Red Sea crisis has minimal impact on local shipping, ports
PETALING JAYA: The impact of the Red Sea crisis on Malaysia’s shipping and ports is minimal compared to that on European countries, which depend heavily on Asian exports, thus they need to bear the brunt of higher shipping costs, said Maybank Investment Bank (Maybank IB).
The research house said Malaysian exporters generally face minimal disruption, with moderate freight cost increases.
“Despite challenges in the supply chain and increased freight costs, Malaysia’s trade outlook remains positive and stable and Malaysian ports have experienced minimal disruptions, with limited impact on trade routes to Europe and the US.

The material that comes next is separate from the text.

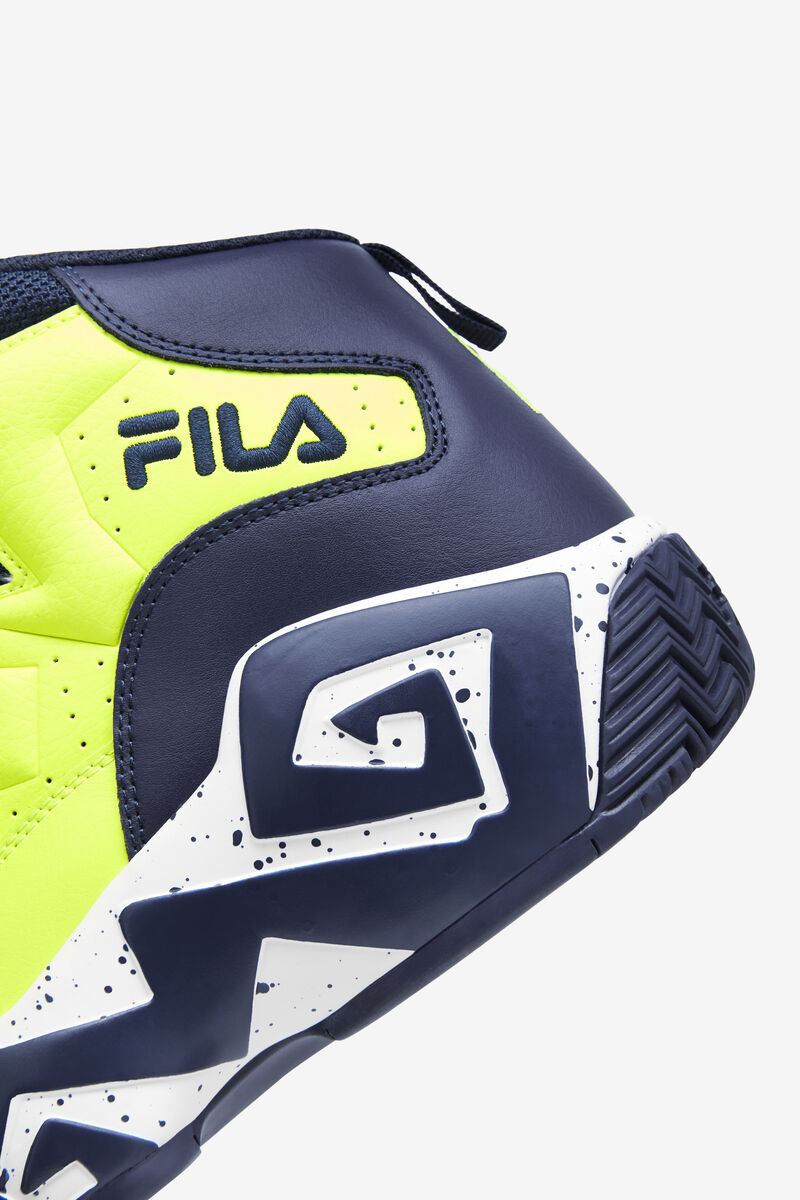 Yellow / Navy / White Men's Fila Mb Chunky High Top Trainers | Fila Trainers | fD3c72oAk6l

“However, some importers in the chemicals, machinery and automotive industries face supply chain delays, affecting their production timelines,” it said in a statement.
Nevertheless, the investment bank said there is no expectation of significant increases in freight rates for these routes due to their backhaul nature, except for luxury items like wine and gourmet food, which may be subject to higher container freight rates.
“Overall, the disruptions are generally positive for the shipping sector.
“Global container rates, notably from East Asia to Europe, are anticipated to remain elevated, stabilising at the current level which is two to four times higher than the low in November 2023,” it added.
Maybank IB noted that the increase in rates is primarily attributed to voyage time and operating costs rather than capacity constraints, suggesting a fair balance in current rates.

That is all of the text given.